Aware of the current conversations around academia [dot] edu, I’m at a crossroad. Outside of the US, the site generates a lot of traffic and I’ve had some really wonderful interactions with colleagues abroad through various channels on the site. Sure, it is a for-profit site, but one that quite a few scholars use to subvert the paywalls their intellectual works resides behind. As authors, we don’t often don’t read the publisher agreements from [insert big name academic publisher here] and if we did, there is little recourse when you are must publish in X journal for academic visibility/prestige/promotion? And at the same time, I’ve had many a colleague/collaborator elsewhere in the world who do not have the access to much of the literature being produced within these paywalls nor the deep pockets of an institution that can afford exorbitant subscription fees. Just last month, the president of my national organization sent a missive explaining that 1,000 members have infringed on copyright and violated their author agreements by posting on Academia [dot] edu and that these papers should be removed immediately. Some argue that if scholars were aware that they’ve signed away their right to circulate their papers, there’d be a boon in open access movements. I disagree. Corporate publishers profit. Colleges and universities profit. Authors, particularly untenured and contingent faculty, do not. Pirating work may not lead to a revolution but it certainly allows folx to feel momentarily empowered while they wait for institutions to re-imagine their sensibilities around access, promotion and digital scholarship.
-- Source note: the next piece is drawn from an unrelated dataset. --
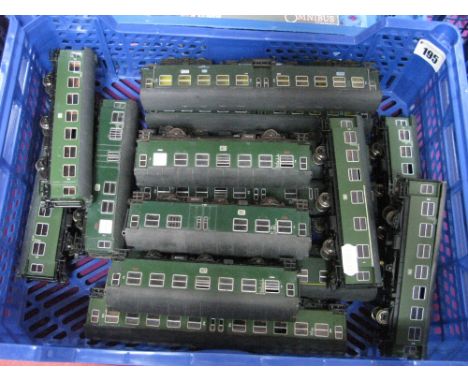 Fifteen "HO" Gauge Outline German Rolling Stock Coaches, by Roco, Fleischmann, DB green liveries and painted roofs noted, pla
I am deeply passionate about public anthropology that produces knowledge in accessible language, brings hidden discourse into view and illuminates the resilient practices marginalized communities engage in order to confront their own precarity. And yet, there is the very real worry about “keeping up” with both the traditional and digital outputs and I end up doing too many things in too many venues and unsurprisingly, the work with less accountability gets completed less frequently.
Cottom’s piece that asks me to think of things I never considered before. I was worried for a bit about institutional support/backing and then I wonder if the conversation would garner support on our campus under the umbrella of “academic freedom” and all the iterations of those dialogues. But more broadly, my own teaching pedagogy (I hope) aspires to decolonize the academy as well as push back on the academic industrial complex. So as Audre Lorde wrote, “My silence has not protected me. Your silence will not protect you”. If anyone were to do a content analysis of my tweets, they’d have a pretty good understanding of my personal as well as political leanings. And I’m more than fine with that. Those who are interested will draw close, others will stay away. I can’t avoid the trolls and I don’t think lurking in the shadows will keep me safe anyway.